Endoscopy 2018; 50(04): S61
DOI: 10.1055/s-0038-1637207
ESGE Days 2018 oral presentations
20.04.2018 – EUS: diagnostic
Georg Thieme Verlag KG Stuttgart · New York

EUS ELASTOGRAPHY STRAIN RATIO IN THE DIFFERENTIAL DIAGNOSIS OF GASTROINTESTINAL SUBEPITHELIAL LESIONS: PRELIMINARY RESULTS OF A MULTICENTER STUDY

F Antonini
1   Augusto Murry Hospital, Fermo, Italy
,
P Fusaroli
2   Imola Hospital, Imola, Italy
,
L Frazzoni
3   S. Orsola-Malpighi University Hospital, Bologna, Italy
,
V Belfiori
1   Augusto Murry Hospital, Fermo, Italy
,
F Auriemma
4   Humanitas Research Hospital, Digestive Endoscopy Unit, Departement of Gastroenterology, Rozzano (MI), Italy
,
D Rahal
4   Humanitas Research Hospital, Digestive Endoscopy Unit, Departement of Gastroenterology, Rozzano (MI), Italy
,
M Serrani
2   Imola Hospital, Imola, Italy
,
A Lisotti
2   Imola Hospital, Imola, Italy
,
S Giorgini
1   Augusto Murry Hospital, Fermo, Italy
,
L Fuccio
3   S. Orsola-Malpighi University Hospital, Bologna, Italy
,
A Repici
4   Humanitas Research Hospital, Digestive Endoscopy Unit, Departement of Gastroenterology, Rozzano (MI), Italy
,
G Macarri
1   Augusto Murry Hospital, Fermo, Italy
,
S Carrara
4   Humanitas Research Hospital, Digestive Endoscopy Unit, Departement of Gastroenterology, Rozzano (MI), Italy
› Author Affiliations
Further Information

Publication History

Publication Date:
27 March 2018 (online)

 

Aims:

The aim of this study was to assess the efficacy of real-time endoscopic ultrasound elastography (EUS-E) with strain ratio (SR) measurement for the differentiation of gastrointestinal subepithelial lesions (SELs).

Methods:

Retrospectively collected data from consecutive patients with SELs evaluated by EUS-E with SR at three centers were analyzed. EUS-E was carried out using the Olympus compact ultrasound processor EU-ME2. Area A included the biggest possible area of the lesion, while area B was selected in the peri-tumoral healthy gastrointestinal wall. The SR was calculated as the quotient of B/A. Every time, 3 measures of SR were recorded and the mean value for each was calculated and used as final SR. The reference standards for the final diagnosis were histology on EUS-guided sampling, surgical specimen or clinical follow-up.

Results:

A total of 30 SELs were included. The mean lesion size was 27.4 mm (range 9 – 80 mm).
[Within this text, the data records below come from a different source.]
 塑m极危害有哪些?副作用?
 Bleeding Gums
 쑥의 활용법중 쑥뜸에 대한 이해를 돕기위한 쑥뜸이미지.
The lesion locations were esophagus (n = 4), stomach (n = 20), duodenum (n = 4) and rectum (n = 2). The final diagnosis of the SELs included 11 GISTs (36.6%), 7 leiomyomas (23.3%), 6 lipomas (20%), 2 neuroendocrine tumors (6.6%), 2 ectopic pancreas (6.6%), 1 schwannoma (3.3%), and 1 MALT (3.3%). The mean SR was 36.49 for GISTs, 9.05 for leiomyomas, 2.25 for lipomas and 0.79 for ectopic pancreas. Receiver operating curve analysis of SR for the detection of GISTs yielded an area under the curve of 0.805. The best cut-off level of SR to differentiate GISTs from leiomyomas was 11.18 with a sensitivity of 81.8% (95% CI: 48.2 – 97.7), specificity of 85.7% (95% CI: 42.1 – 99.6), PPV of 85.7% (95% CI: 55.5 – 99.7), NPV of 90% (95% CI: 34.9 – 96.8).

Conclusions:

The preliminary results indicate that EUS-E with SR may improve differential diagnosis of SELs being SRs of GISTs higher than those of benign lesions. The cut-off of 11.18 may be helpful to differentiate between GISTs and leiomyomas.